ユーロドルは一旦1.0665ドル付近まで上昇していたものの、1.06ドル台前半に伸び悩んだ。ユーロ自体に材料はなく、専らドルの動きに左右される状況が続いている。本日の上げで21日線の上に再び浮上しているものの、上値の重い雰囲気に変化はない。
ユーロドルは10月以降、底堅さを見せ始めてはいるものの、本格的にリバウンド相場を試そうという雰囲気はない。主要国の中銀の中でECBが最も利下げに近いとも見られており、積極的にユーロの買い戻しを試そうという雰囲気にはまだなれないようだ。

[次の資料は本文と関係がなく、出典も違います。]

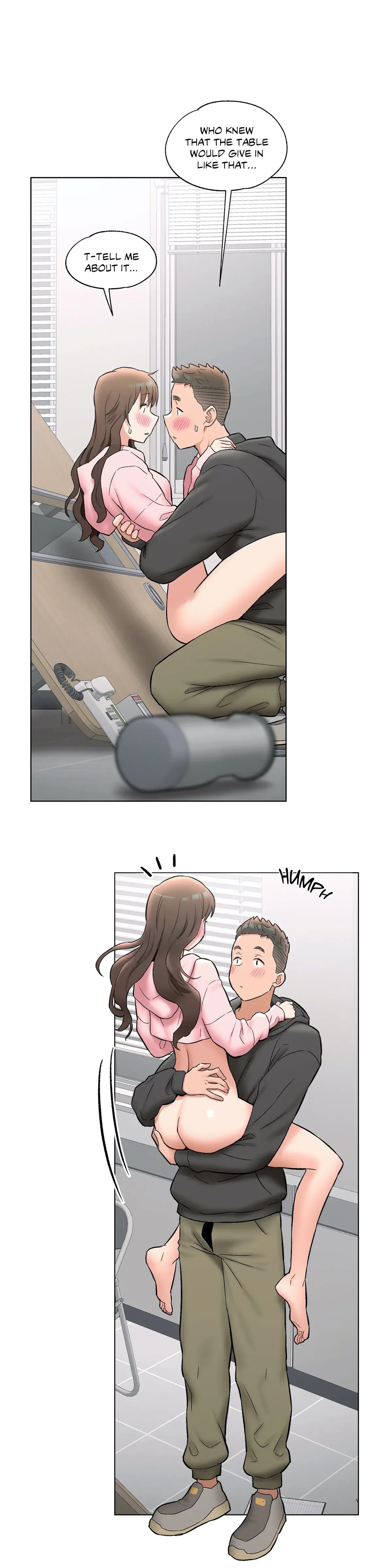 Chapter 81 — Page 21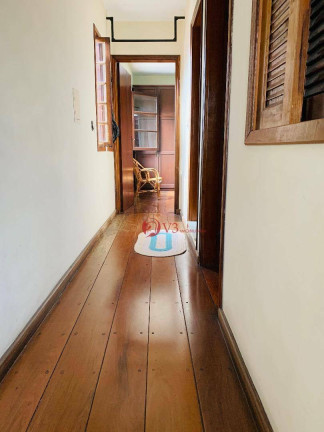 Imagem Sobrado com 4 Quartos à Venda, 200 m² em Cidade Patriarca - São Paulo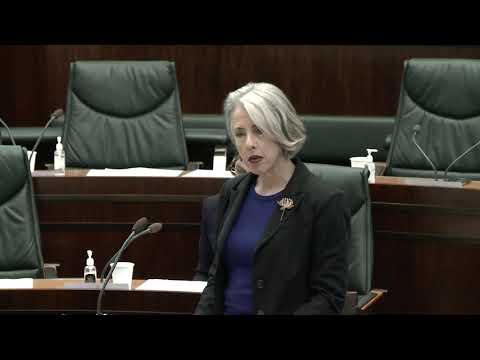 COVID-19 - Seasonal Workers and Quarantine Provisions, Dr Rosalie Woodruff MP, 22 September 2020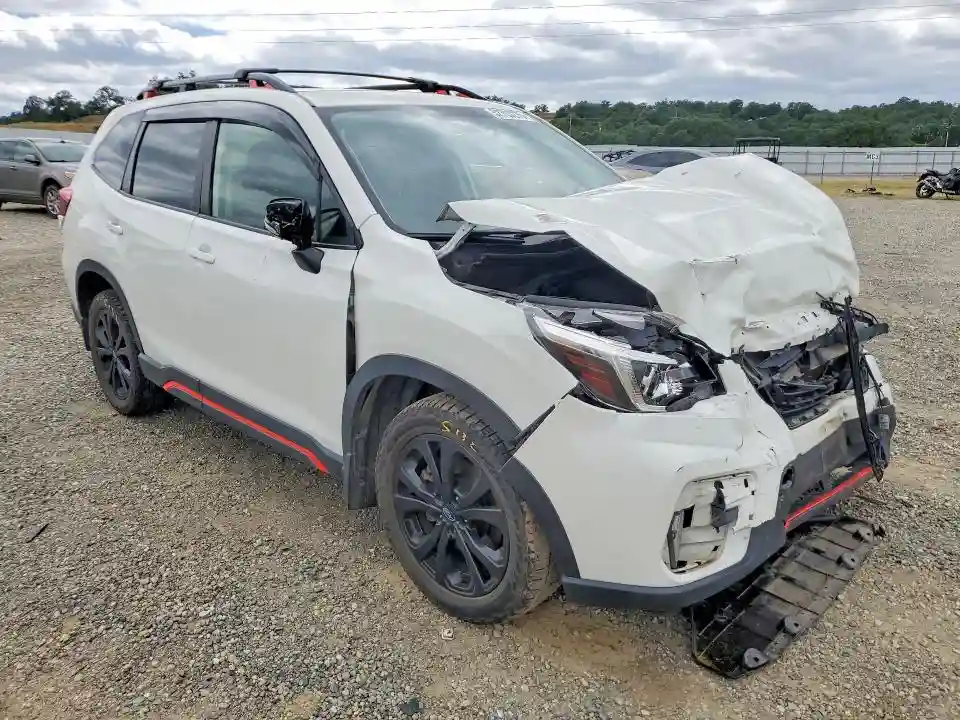 JF2SKAPC9KH422766 2019 SUBARU FORESTER-3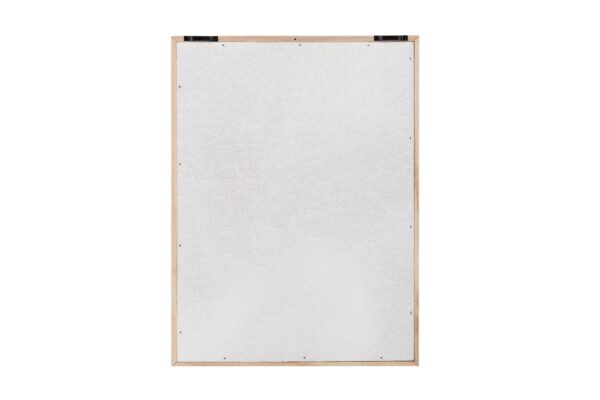 CUADRO MADERA RELIEVE MOD. 2 30X3X40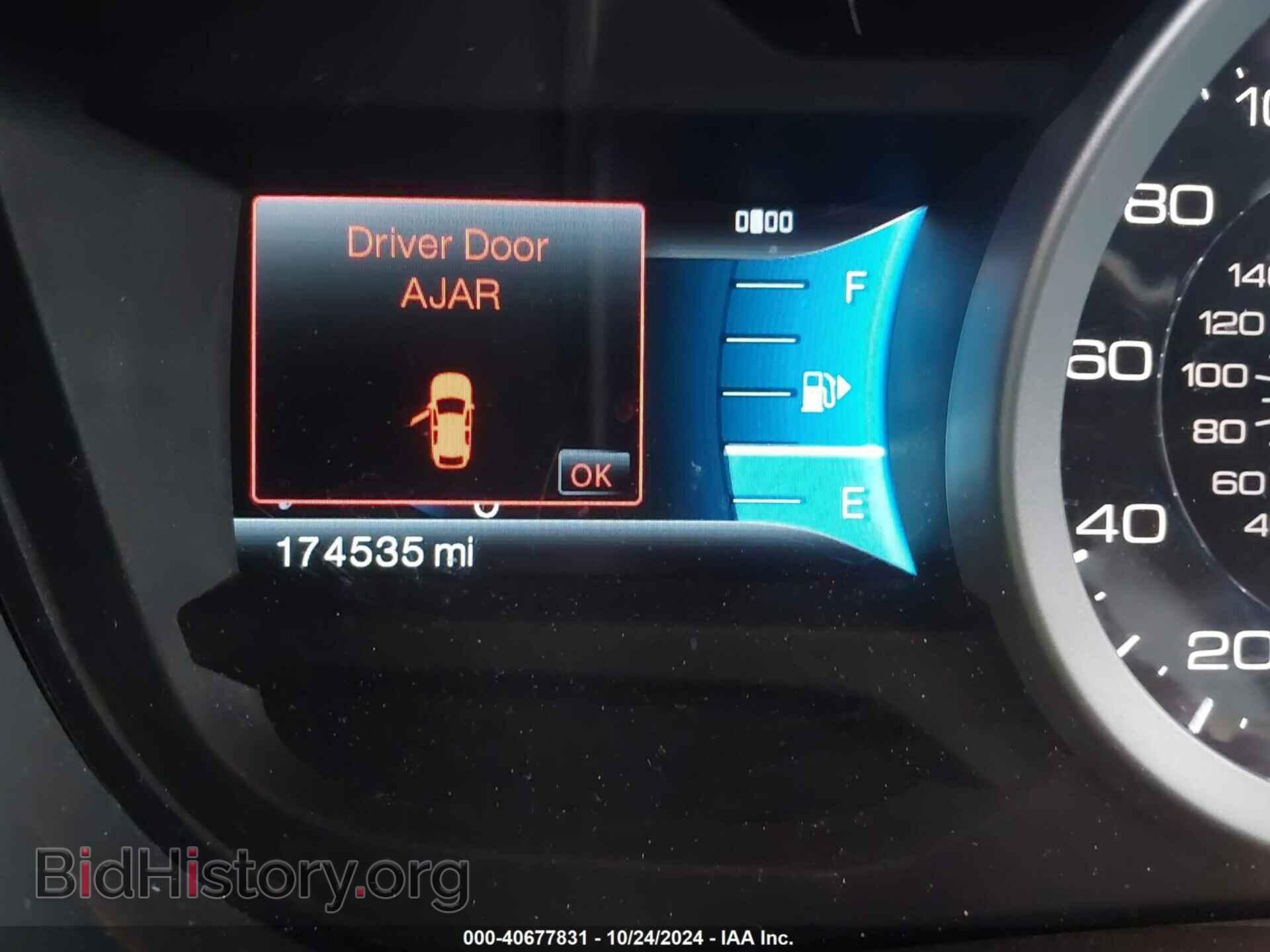 2011 FORD EXPLORER - VIN: 1FMHK8D86BGA76646 - Фото 7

ポンドドルは1.22ドル付近で上下動。21日線の上に浮上しているものの、10月12日以降の上値抵抗ラインはしっかりと機能しており、本格的なリバウンド相場入りの気配はない。
本日は英中銀金融政策委員会(MPC)の結果が発表され、予想通りに金利を据え置いてきた。英中銀は成長見通しも下方修正しており、なお追加利上げの可能性は保持しているものの、市場では英中銀の利上げサイクルは終了との見方が強まっている。むしろ、英中銀は市場が利下げ期待を抱くことを強くけん制しているようで、ベイリー総裁は会見で「利下げについて考えるのはあまりに時期尚早」と語っていた。
実際、鈍化傾向を見せているとはいえ、英インフレは6%台で推移している。英中銀が気にしているサービスインフレに至ってはまだ7%に近い。目標である2%の遥か上で推移する中で、現時点での利下げの考えは皆無ということのようだ。